Sub-zero temperatures are gumming up ecommerce operations for merchants and delaying some deliveries of online orders.

It is colder than Antarctica today in much of the upper Midwest, and the record-breaking cold temperatures are grinding on the operations of e-retailers and shipping carriers, with the ripple effect expected to be felt for at least the next several days.

On Tuesday evening, UPS was forced to close its Rockford, Illinois, air hub due to weather conditions–the temperature dipped to 15 below zero there overnight–and reroute normally scheduled flights due in Rockford to its Worldport hub in Louisville, Kentucky, says UPS spokesman Matt O’Connor. The Louisville hub, where today the wind chill is 20 below zero, is working to accommodate the added flights and package volume and is also experiencing some service disruptions that will lead to delays.

“We are working around the weather,” O’Connor says. “We are operating as business as usual, the exception being in the areas where the polar vortex is making itself known.” That includes some localized closures of facilities in Iowa, Minnesota and Michigan, which means UPS will not make any pickups or deliveries in the affected areas today. FedEx, in a statement to Internet Retailer, says some operations and service may be affected in local areas, but it did not show any specific weather-related service issues on its service alerts page.

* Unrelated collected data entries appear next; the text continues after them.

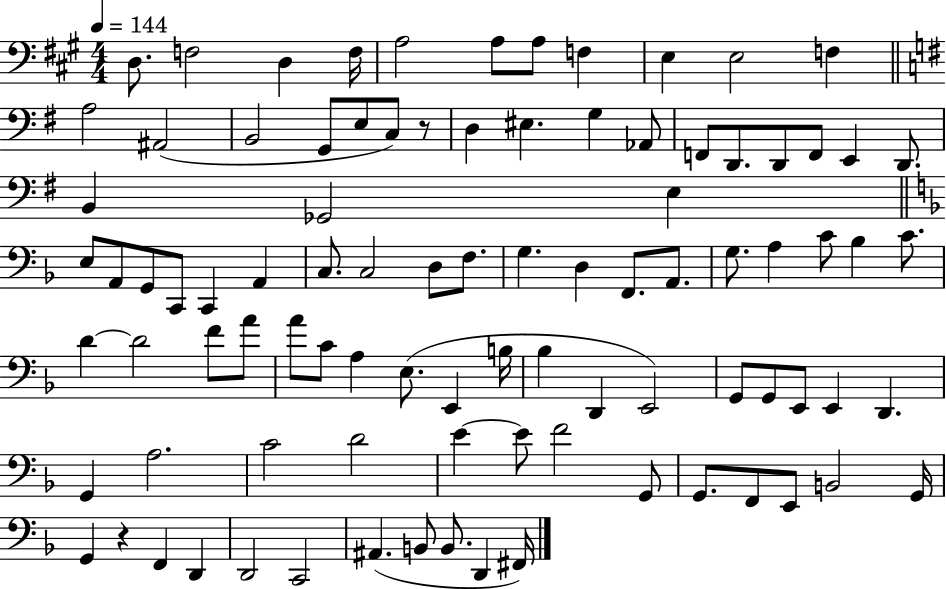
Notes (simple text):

D3/e. F3/h D3/q F3/s A3/h A3/e A3/e F3/q E3/q E3/h F3/q A3/h A#2/h B2/h G2/e E3/e C3/e R/e D3/q EIS3/q. G3/q Ab2/e F2/e D2/e. D2/e F2/e E2/q D2/e. B2/q Gb2/h E3/q E3/e A2/e G2/e C2/e C2/q A2/q C3/e. C3/h D3/e F3/e. G3/q. D3/q F2/e. A2/e. G3/e. A3/q C4/e Bb3/q C4/e. D4/q D4/h F4/e A4/e A4/e C4/e A3/q E3/e. E2/q B3/s Bb3/q D2/q E2/h G2/e G2/e E2/e E2/q D2/q. G2/q A3/h. C4/h D4/h E4/q E4/e F4/h G2/e G2/e. F2/e E2/e B2/h G2/s G2/q R/q F2/q D2/q D2/h C2/h A#2/q. B2/e B2/e. D2/q F#2/s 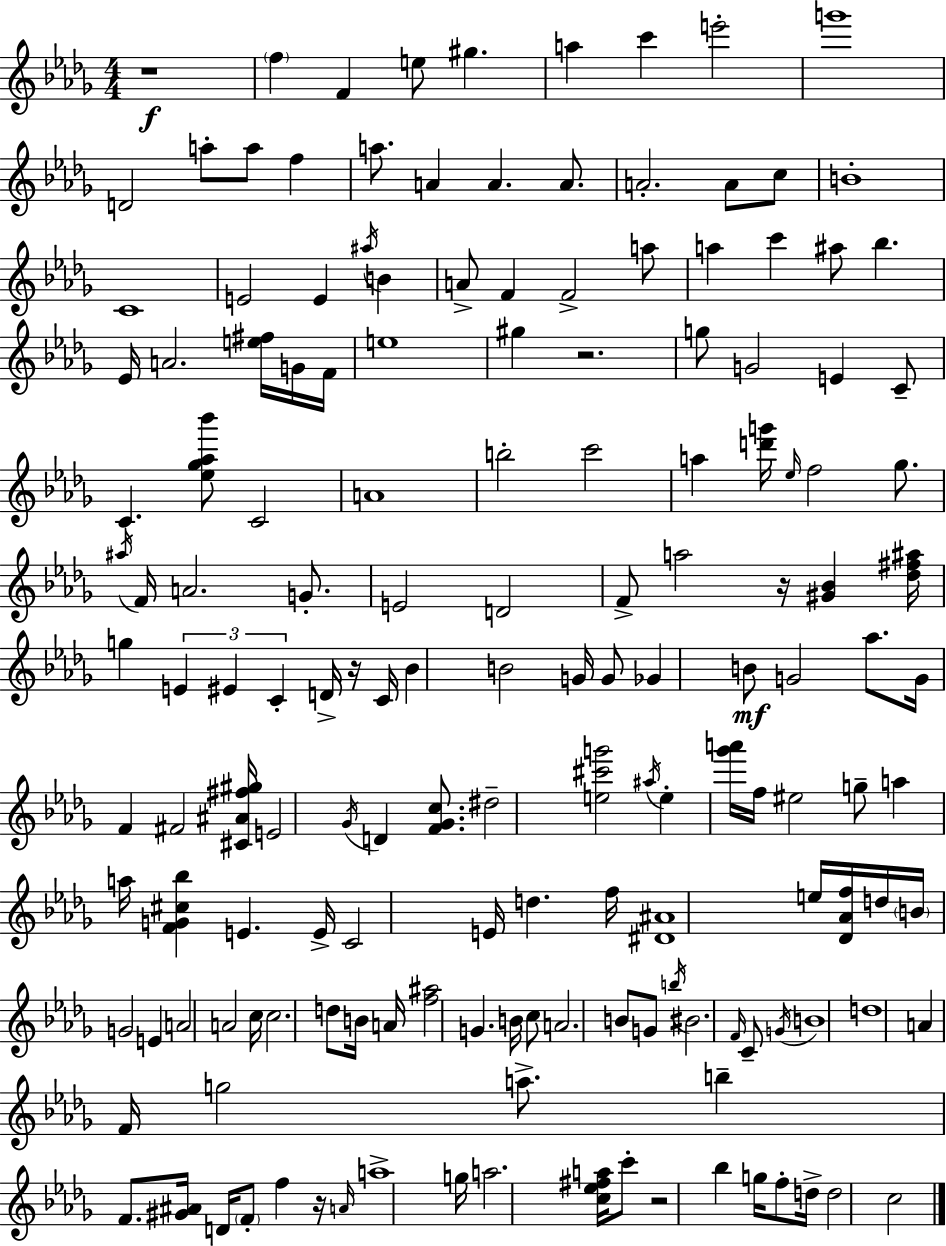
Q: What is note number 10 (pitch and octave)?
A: A5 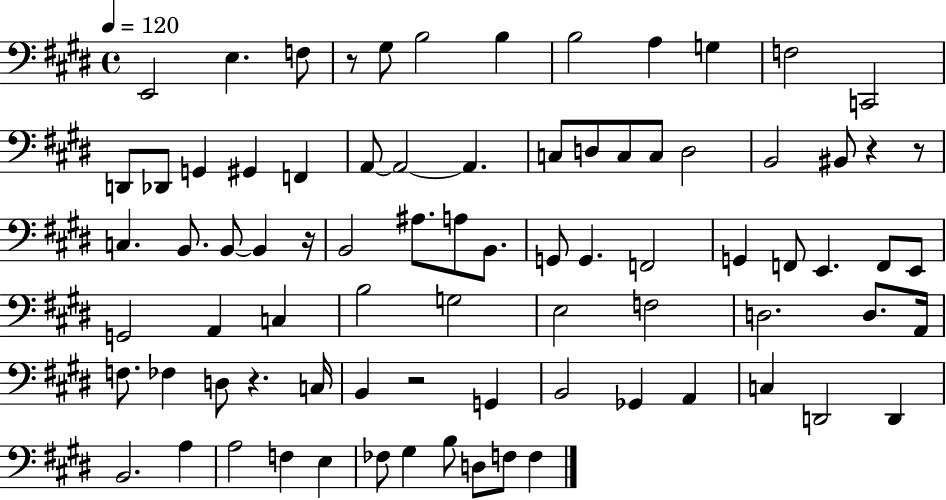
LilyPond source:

{
  \clef bass
  \time 4/4
  \defaultTimeSignature
  \key e \major
  \tempo 4 = 120
  e,2 e4. f8 | r8 gis8 b2 b4 | b2 a4 g4 | f2 c,2 | \break d,8 des,8 g,4 gis,4 f,4 | a,8~~ a,2~~ a,4. | c8 d8 c8 c8 d2 | b,2 bis,8 r4 r8 | \break c4. b,8. b,8~~ b,4 r16 | b,2 ais8. a8 b,8. | g,8 g,4. f,2 | g,4 f,8 e,4. f,8 e,8 | \break g,2 a,4 c4 | b2 g2 | e2 f2 | d2. d8. a,16 | \break f8. fes4 d8 r4. c16 | b,4 r2 g,4 | b,2 ges,4 a,4 | c4 d,2 d,4 | \break b,2. a4 | a2 f4 e4 | fes8 gis4 b8 d8 f8 f4 | \bar "|."
} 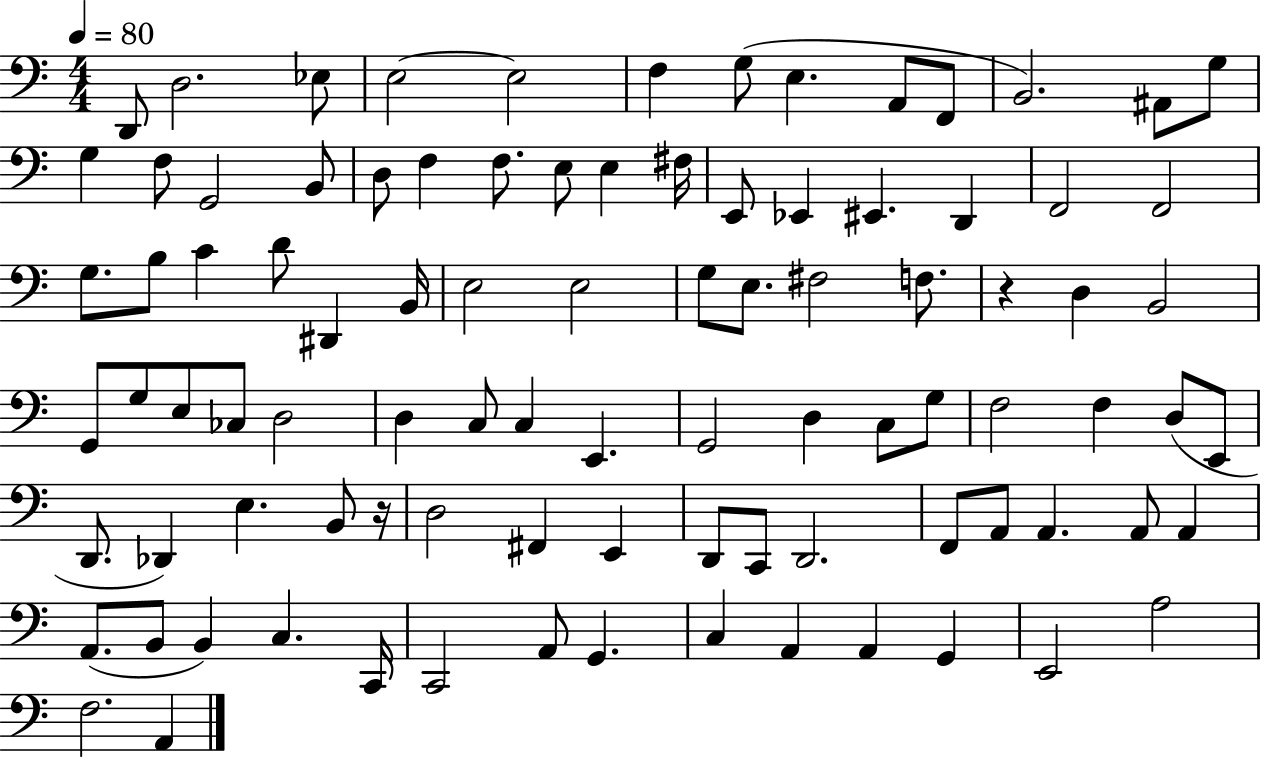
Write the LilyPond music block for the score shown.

{
  \clef bass
  \numericTimeSignature
  \time 4/4
  \key c \major
  \tempo 4 = 80
  \repeat volta 2 { d,8 d2. ees8 | e2~~ e2 | f4 g8( e4. a,8 f,8 | b,2.) ais,8 g8 | \break g4 f8 g,2 b,8 | d8 f4 f8. e8 e4 fis16 | e,8 ees,4 eis,4. d,4 | f,2 f,2 | \break g8. b8 c'4 d'8 dis,4 b,16 | e2 e2 | g8 e8. fis2 f8. | r4 d4 b,2 | \break g,8 g8 e8 ces8 d2 | d4 c8 c4 e,4. | g,2 d4 c8 g8 | f2 f4 d8( e,8 | \break d,8. des,4) e4. b,8 r16 | d2 fis,4 e,4 | d,8 c,8 d,2. | f,8 a,8 a,4. a,8 a,4 | \break a,8.( b,8 b,4) c4. c,16 | c,2 a,8 g,4. | c4 a,4 a,4 g,4 | e,2 a2 | \break f2. a,4 | } \bar "|."
} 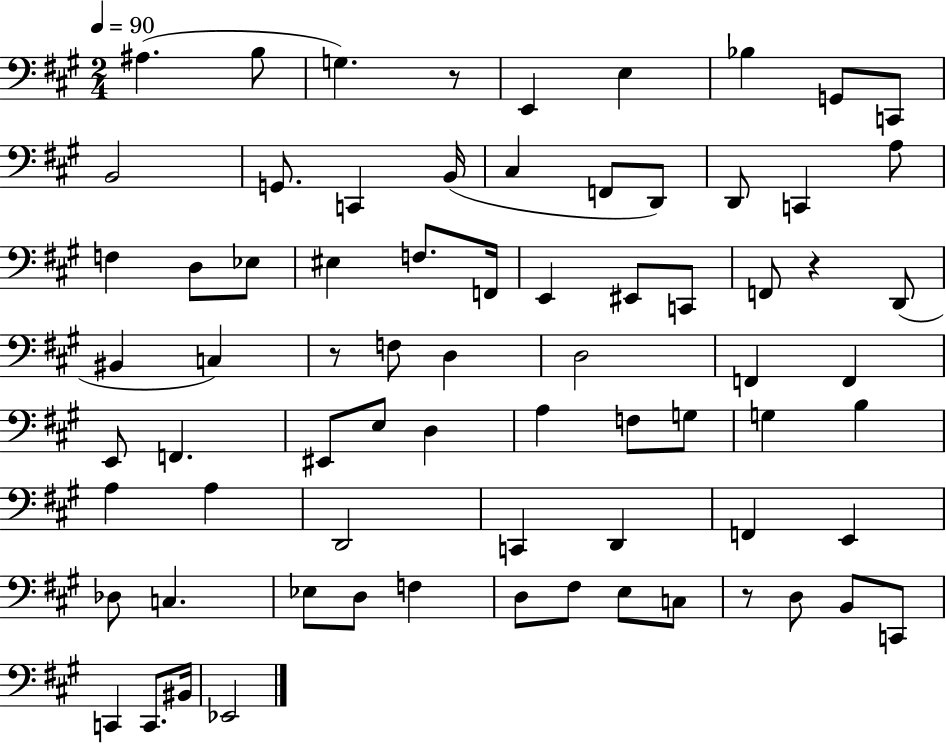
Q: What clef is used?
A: bass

The United States Postal Service on Wednesday morning announced it was suspending deliveries in hundreds of ZIP codes due to the extreme cold. Areas not being serviced Wednesday include Chicago, Detroit, Cleveland, Cincinnati and Columbus, Ohio, as well as parts of Indiana, Iowa, Minnesota, Wisconsin, Nebraska, North Dakota and South Dakota. The USPS also will not be picking up commercial packages in some of the affected areas, including Minnesota, western Wisconsin, Iowa and western Illinois. The service suspension may extend into tomorrow, Jan. 31, as well, depending on conditions.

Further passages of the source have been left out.